I’m a member of the team that builds ScriptRunner for Jira Cloud at work. It’s essentially a SaaS product that does remote script executions. Our primary microservices are built on the Ratpack web server framework that is built on top of Netty.
The problem
We had a single customer report that part of our product was no longer loading in their browser. They kept seeing 504 HTTP responses from our load balancer. Around the same time we noticed a spike in failed deployments due to health checks timing out.
Although we could not reproduce the problem in production, we could at least observe it occuring on our logs with low frequency. We run our product infrastructure on AWS and the two potential reasons for a 504 response from our load balancer were: connection failure and request timeout. Our application logs showed that some “random” requests, including the ones reported by the customer, would suddenly spike high in duration, from sub-second response times to minutes.
Debugging
There was no correlation with spikes in web traffic, time of day, GC operations, and the request durations for the affected instances did not ramp up over time; they just spiked without warning. We relocated a CPU intensive workload out of the relevant microservice (long overdue). This showed us that there was no spike in CPU usage at the time of long duration requests. Then we increased the CPU capacity that the microservice instances run with in order to avoid any CPU contention between other body services running on the underlying ECS cluster.

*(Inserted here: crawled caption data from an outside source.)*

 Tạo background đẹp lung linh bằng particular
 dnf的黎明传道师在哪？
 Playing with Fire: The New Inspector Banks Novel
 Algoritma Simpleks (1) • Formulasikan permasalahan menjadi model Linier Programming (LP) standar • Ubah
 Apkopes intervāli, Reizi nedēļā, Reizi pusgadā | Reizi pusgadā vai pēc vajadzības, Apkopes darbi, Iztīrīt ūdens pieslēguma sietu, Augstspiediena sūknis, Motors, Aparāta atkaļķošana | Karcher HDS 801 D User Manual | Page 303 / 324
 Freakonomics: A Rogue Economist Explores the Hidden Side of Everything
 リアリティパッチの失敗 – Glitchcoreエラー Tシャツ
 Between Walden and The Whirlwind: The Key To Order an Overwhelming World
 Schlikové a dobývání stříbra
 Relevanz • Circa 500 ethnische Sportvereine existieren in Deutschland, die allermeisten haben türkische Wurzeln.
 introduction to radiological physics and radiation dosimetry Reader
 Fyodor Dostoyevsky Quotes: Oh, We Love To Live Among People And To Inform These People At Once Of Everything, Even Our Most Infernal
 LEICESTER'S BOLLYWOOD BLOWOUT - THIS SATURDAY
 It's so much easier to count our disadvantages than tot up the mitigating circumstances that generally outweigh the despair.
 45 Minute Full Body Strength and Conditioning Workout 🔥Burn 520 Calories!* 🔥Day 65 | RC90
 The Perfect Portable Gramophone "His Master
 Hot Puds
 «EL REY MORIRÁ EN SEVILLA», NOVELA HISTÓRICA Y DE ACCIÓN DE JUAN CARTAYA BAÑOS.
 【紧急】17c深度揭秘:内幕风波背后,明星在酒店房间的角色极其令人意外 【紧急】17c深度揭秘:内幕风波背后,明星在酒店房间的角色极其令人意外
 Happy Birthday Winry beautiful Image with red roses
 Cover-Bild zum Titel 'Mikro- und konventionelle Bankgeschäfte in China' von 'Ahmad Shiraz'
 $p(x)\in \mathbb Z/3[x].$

For the deployments that were failing due to health check failures the situation seemed even stranger. Firstly (and we’re still digging into this), health checks from the load balancer are not the first requests that the service instances receive. Secondly, the first set of health check requests (one from each Availablity Zone that the load balancer runs in) received responses in tens of milliseconds, and then we’d see 60s health check durations in our application logs for seemingly no reason, followed by a return to millisecond response times afterwards.
We added additional sampling logging to try and establish where the delays were occurring in our request handling chain, and could see that Promises of work (like a network request to another service) were taking tens of seconds to yield a value because of a delay between the Promise evaluation starting and it receiving a value. The other service we made requests to reported single digit millisecond response times which didn’t match the amount of time that our handlers were taking.
What is Ratpack doing?
Ratpack works by spinning up a number of compute threads which handle inbound requests and perform CPU-only work. Additionally, there is an autoscaling pool of additional “blocking” threads which must be used by applications for any IO operations like network requests or disk access.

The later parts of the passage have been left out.